**Exercise objective:** Only the number is wanted: how many lines in the material below contain "without".

━━━━━━━━━━━━━━━━━━━━

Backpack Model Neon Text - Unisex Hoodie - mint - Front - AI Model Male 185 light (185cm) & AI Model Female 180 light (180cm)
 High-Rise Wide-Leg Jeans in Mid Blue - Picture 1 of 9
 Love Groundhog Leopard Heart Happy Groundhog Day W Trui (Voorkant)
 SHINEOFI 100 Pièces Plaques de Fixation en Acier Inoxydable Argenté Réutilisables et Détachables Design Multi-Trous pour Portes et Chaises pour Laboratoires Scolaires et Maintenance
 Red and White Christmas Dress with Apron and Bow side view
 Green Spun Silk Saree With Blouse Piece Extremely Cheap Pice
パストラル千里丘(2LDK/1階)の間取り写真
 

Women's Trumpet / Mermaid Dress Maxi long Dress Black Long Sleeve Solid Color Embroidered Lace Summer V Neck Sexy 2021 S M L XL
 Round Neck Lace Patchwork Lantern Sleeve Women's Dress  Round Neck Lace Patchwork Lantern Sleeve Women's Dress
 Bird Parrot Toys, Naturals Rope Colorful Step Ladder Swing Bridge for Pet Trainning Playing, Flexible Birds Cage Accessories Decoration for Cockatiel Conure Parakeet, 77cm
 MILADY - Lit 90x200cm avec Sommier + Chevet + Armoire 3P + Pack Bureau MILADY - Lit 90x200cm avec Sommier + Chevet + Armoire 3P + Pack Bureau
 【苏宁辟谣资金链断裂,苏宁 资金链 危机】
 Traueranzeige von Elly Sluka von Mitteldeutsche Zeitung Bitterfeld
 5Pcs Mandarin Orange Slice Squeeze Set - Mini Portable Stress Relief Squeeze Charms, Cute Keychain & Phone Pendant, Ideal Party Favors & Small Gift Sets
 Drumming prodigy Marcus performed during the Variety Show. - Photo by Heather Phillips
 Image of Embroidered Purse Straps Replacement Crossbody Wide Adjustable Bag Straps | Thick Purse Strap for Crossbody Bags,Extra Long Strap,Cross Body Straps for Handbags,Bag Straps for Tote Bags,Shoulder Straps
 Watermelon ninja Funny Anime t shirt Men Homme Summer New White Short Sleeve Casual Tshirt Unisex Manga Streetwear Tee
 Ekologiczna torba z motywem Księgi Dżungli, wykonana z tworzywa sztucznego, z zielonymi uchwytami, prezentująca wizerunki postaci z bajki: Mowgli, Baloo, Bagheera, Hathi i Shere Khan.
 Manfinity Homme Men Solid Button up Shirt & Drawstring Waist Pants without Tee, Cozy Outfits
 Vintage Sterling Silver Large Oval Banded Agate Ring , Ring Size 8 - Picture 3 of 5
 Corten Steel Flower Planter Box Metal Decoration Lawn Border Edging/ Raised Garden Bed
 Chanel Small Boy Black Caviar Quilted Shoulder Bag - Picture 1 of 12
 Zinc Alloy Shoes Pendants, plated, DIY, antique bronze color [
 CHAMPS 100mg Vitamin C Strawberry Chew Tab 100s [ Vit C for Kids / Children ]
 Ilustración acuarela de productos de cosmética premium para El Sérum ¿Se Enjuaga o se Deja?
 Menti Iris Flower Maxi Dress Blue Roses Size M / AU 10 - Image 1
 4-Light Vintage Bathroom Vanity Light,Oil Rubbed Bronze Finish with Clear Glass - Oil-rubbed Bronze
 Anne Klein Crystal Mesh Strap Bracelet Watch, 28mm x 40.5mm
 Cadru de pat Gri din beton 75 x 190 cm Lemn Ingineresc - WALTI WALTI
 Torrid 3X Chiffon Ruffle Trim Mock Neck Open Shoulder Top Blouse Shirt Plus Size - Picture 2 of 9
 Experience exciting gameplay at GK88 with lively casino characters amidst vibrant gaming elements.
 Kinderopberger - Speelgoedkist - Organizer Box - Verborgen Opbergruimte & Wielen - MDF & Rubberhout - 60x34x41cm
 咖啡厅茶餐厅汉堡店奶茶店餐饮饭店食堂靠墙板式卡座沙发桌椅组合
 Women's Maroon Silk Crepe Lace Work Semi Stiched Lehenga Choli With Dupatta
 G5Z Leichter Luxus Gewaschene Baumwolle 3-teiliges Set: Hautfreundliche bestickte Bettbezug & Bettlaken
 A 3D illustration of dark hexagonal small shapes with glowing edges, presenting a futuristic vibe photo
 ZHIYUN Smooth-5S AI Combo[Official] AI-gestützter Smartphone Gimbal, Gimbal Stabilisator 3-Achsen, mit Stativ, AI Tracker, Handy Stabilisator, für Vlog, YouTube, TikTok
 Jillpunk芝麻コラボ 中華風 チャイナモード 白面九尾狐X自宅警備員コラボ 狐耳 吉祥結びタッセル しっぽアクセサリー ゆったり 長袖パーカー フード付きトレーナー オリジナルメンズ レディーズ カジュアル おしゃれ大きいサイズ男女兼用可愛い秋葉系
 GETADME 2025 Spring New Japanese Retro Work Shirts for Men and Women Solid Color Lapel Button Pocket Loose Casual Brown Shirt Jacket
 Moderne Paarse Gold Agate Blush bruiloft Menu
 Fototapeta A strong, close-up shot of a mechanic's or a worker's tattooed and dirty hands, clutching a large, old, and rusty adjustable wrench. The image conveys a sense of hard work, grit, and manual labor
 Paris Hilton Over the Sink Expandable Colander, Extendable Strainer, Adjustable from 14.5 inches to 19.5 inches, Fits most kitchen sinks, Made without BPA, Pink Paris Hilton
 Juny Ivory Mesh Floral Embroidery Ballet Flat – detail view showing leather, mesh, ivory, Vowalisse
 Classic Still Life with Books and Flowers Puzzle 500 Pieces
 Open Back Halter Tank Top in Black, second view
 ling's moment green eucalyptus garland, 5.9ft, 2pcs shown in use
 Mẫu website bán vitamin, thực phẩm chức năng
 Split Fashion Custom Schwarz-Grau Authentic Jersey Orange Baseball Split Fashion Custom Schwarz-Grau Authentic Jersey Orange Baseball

━━━━━━━━━━━━━━━━━━━━

**Solution below:** 2